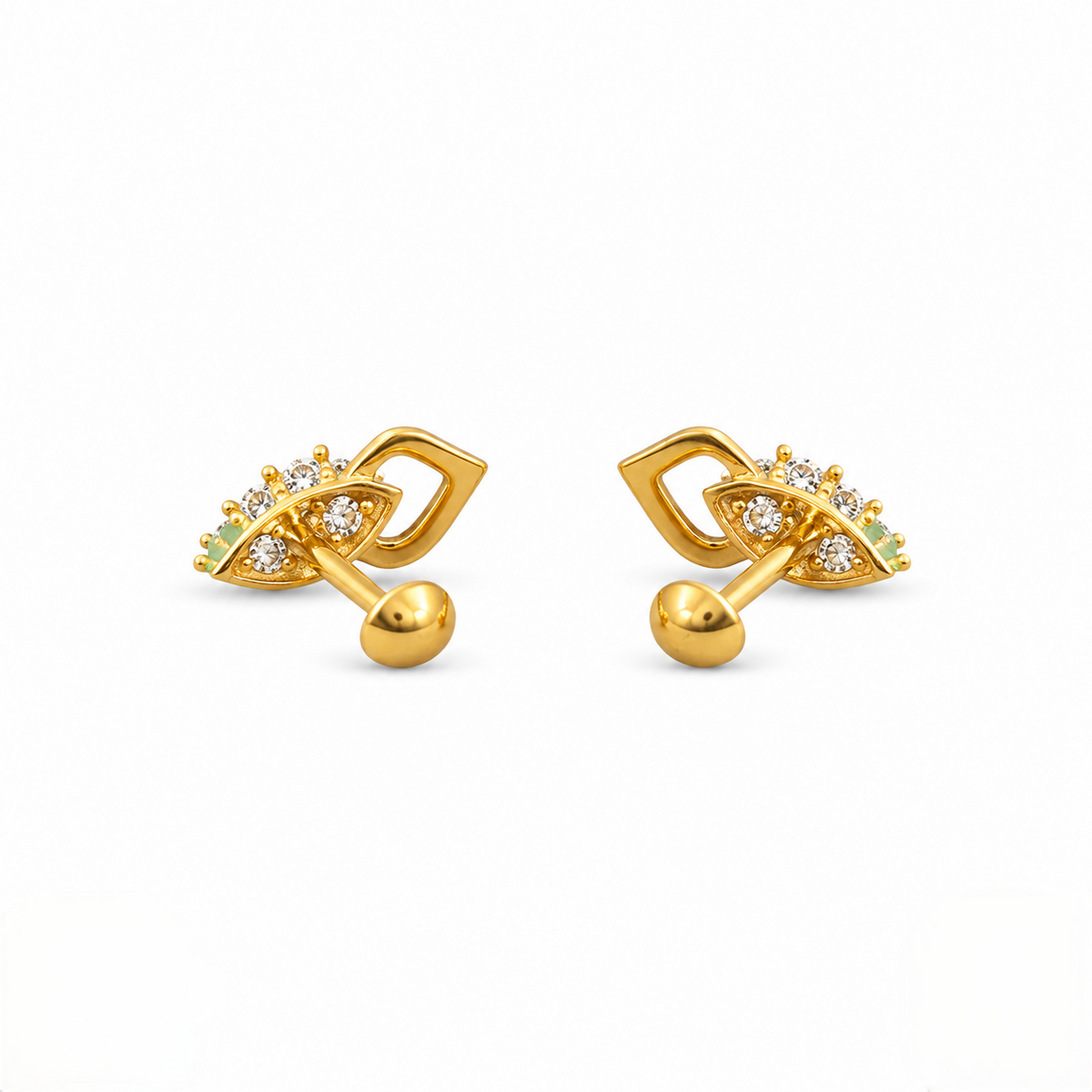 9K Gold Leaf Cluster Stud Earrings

==

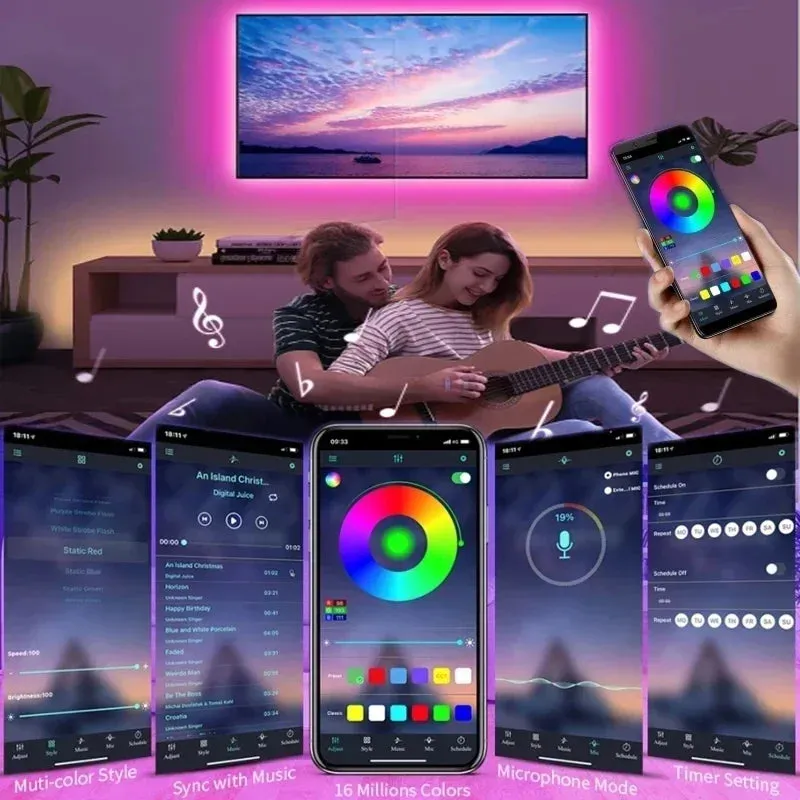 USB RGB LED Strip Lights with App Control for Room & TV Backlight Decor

...

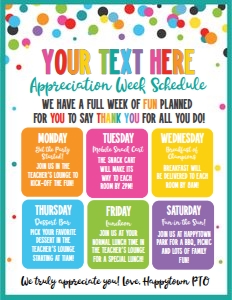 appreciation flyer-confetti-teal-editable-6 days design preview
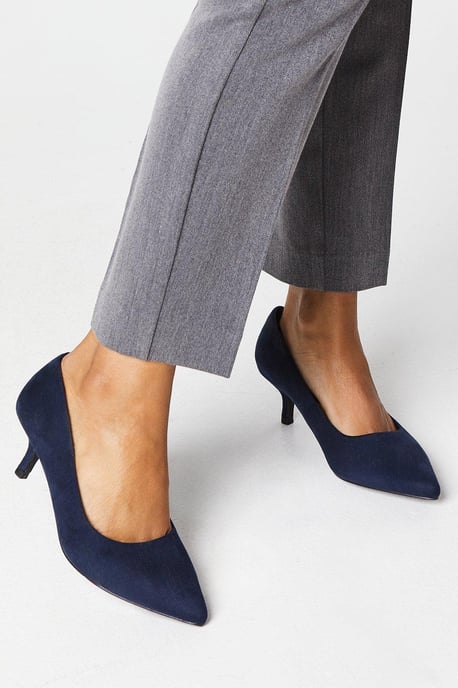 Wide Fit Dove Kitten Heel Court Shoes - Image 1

== PROMPT ==
Output exactly, and only, the lines of the entries above from the one with "appreciation flyer-confetti-teal-editable-6 days" up to and including the one with "Wide Fit Dove"; pictures are to be left out.

== WRITTEN REPLY ==
 appreciation flyer-confetti-teal-editable-6 days design preview
 Wide Fit Dove Kitten Heel Court Shoes - Image 1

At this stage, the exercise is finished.